With the pitcher going through a very slow windup and ignoring the lead off, R3 makes a break for home. The catcher reacts by stepping up and contacts the batter and blocks the plate prior to receiving the pitch. R3 sees this and goes in hard, standing up in an effort to knock the ball loose. The ball is dropped and R3 touches the plate.

A regular on The Forum asked me to comment.
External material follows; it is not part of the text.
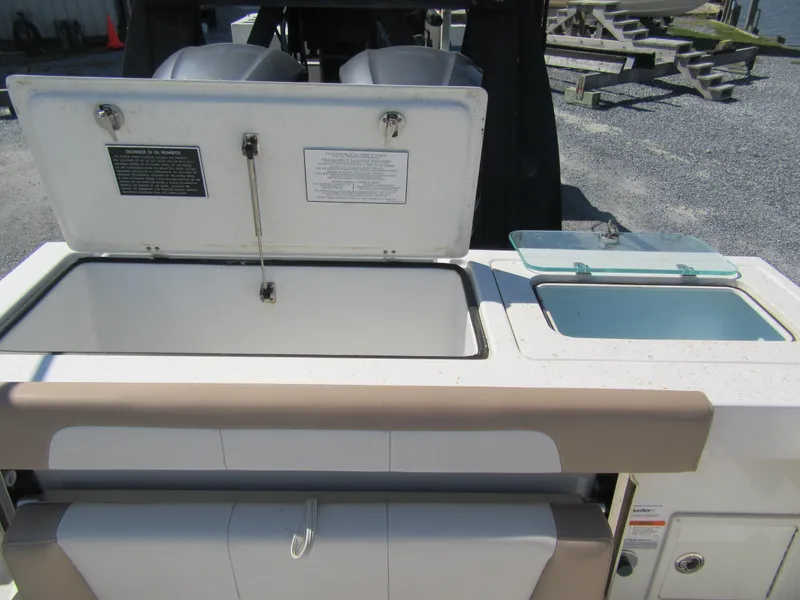 Slide: The Image of 2019 Parker 2810 XLD Walkaround boat with open storage compartments. - 6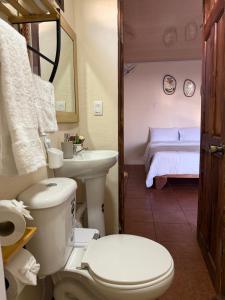 a bathroom with a toilet and a sink and a bed at Magic Lodge - Cirrí, Naranjo in Cirrí +15 photos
1. Contact above the waist and/or an attempt to dislodge the ball have never been published by the FED as elements of malicious contact. Their main criterion is that MC occurs when a “runner is deliberately attempting to injure the player.” (FED POE, 1988) That has always seemed absurd to me. We all know that players, except in rare cases of retaliation, crash into the catcher to knock the ball loose. My chapter in Texas adopted the NCAA definitions. (At my insistence, I might add.)

2. MC supersedes obstruction, as someone pointed out.

3. To me, this is a routine play: Call “That’s obstruction!” when the catcher interferes with the batter. It’s a delayed dead ball. Then, after the contact, call “Time! That’s malicious contact!” Signal the player is out and ejected. Don’t forget to wave off the run. If there had been other runners, they would return to the bases occupied at the time of the contact.

4. Those are the proper mechanics. But I recommend that the umpire, after he calls “time,” beckon both coaches to the plate. He should explain quietly what the ruling is. The presence of the defensive coach would serve to dampen the "enthusiasm" of the offense. They’re both professionals. Likely, Coach O wouldn’t want to look like a jerk in front of Coach D during a calm discussion at the plate.